There is a very ‘macho’ culture in programming, built around showing off, and using obscure stuff that you just learned. This is nuts. Just because you learn how to use a certain feature/function/syntax does not mean you HAVE to use it everywhere. I’ve worked with coders like this. Its a nightmare.

Its a worthy goal to write code that someone who isn’t even a programmer can look at and go “errr… I think I can see what you are doing here.”. This is because really GOOD code is code that can be understood by someone you have never met, five years later when a bug has been found and they need to work out if its in that function or not. If you are writing a tiny program thats only 1,000 lines of code and nobody else will ever see it, and you will never edit it then…ok maybe you can hack it together, but a proper software engineer always writes code that can be maintained.

Programming is a HUGE topic, and to get good at it, to get REALLY good at it takes an entire lifetime. I started coding aged 11, which is 39 years ago. I think I’m pretty good at C++ now, but not an expert, and its the only language I’m comfortable with.
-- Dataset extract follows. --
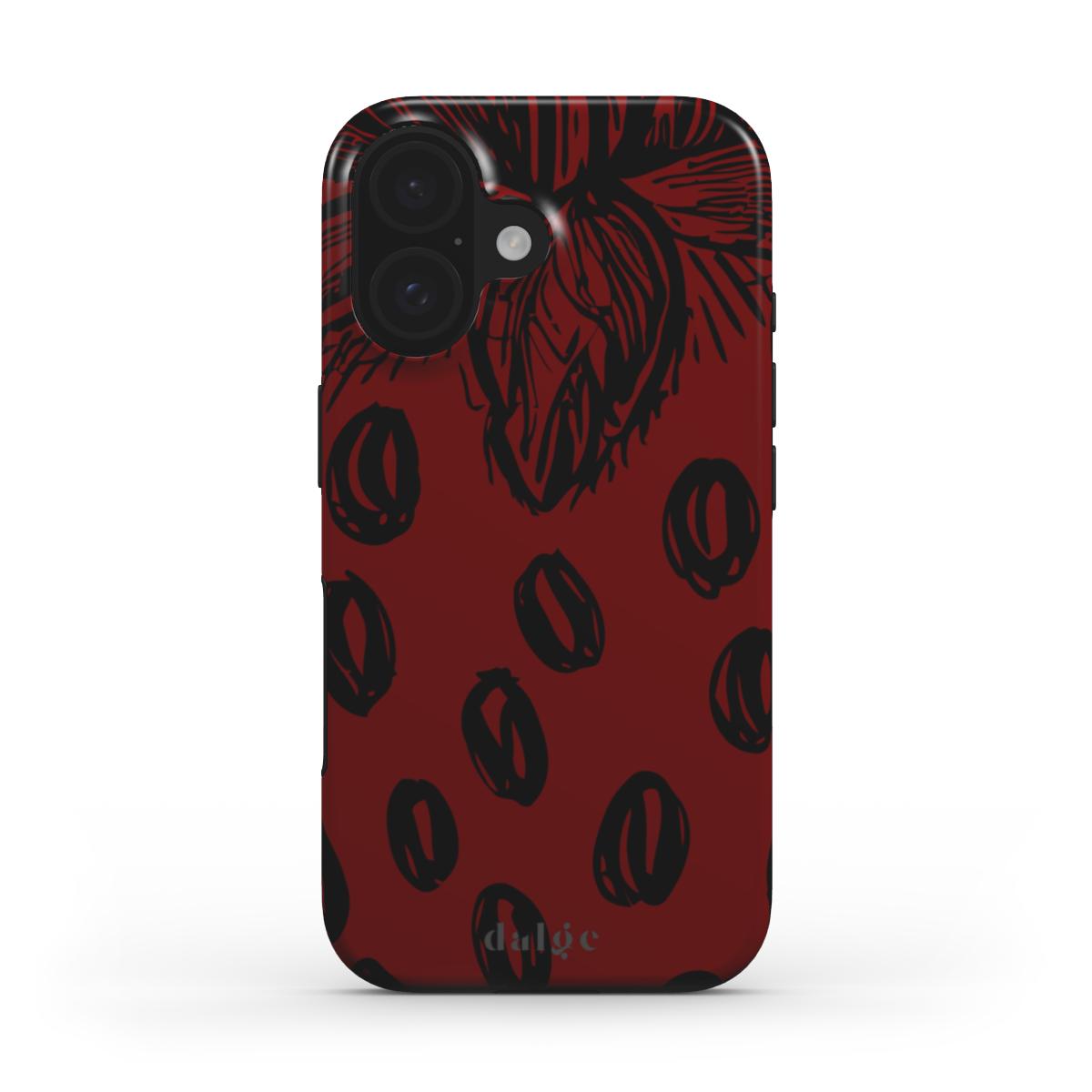 Strawberry Daiquiri Tough Phone Case Int.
The internet and its many youtube vids and forums have spawned an attitude that you can learn to code one summer, or during lockdown, and…yeah not really. You can learn to hack stuff together by copying and pasting from stackoverflow…but thats really not proper software engineering.

Its worth saying I’m not exactly at the end of the journey myself yet either. The code for Democracy 4 is *not perfect* by any means. Some bits are hacky, there were some fundamental design decisions I made about 15 years ago with the basis of my GUI library that are embarrassing but still there (of COURSE buttons should be a subclass of window you idiot!), but overall my code gets better with each game.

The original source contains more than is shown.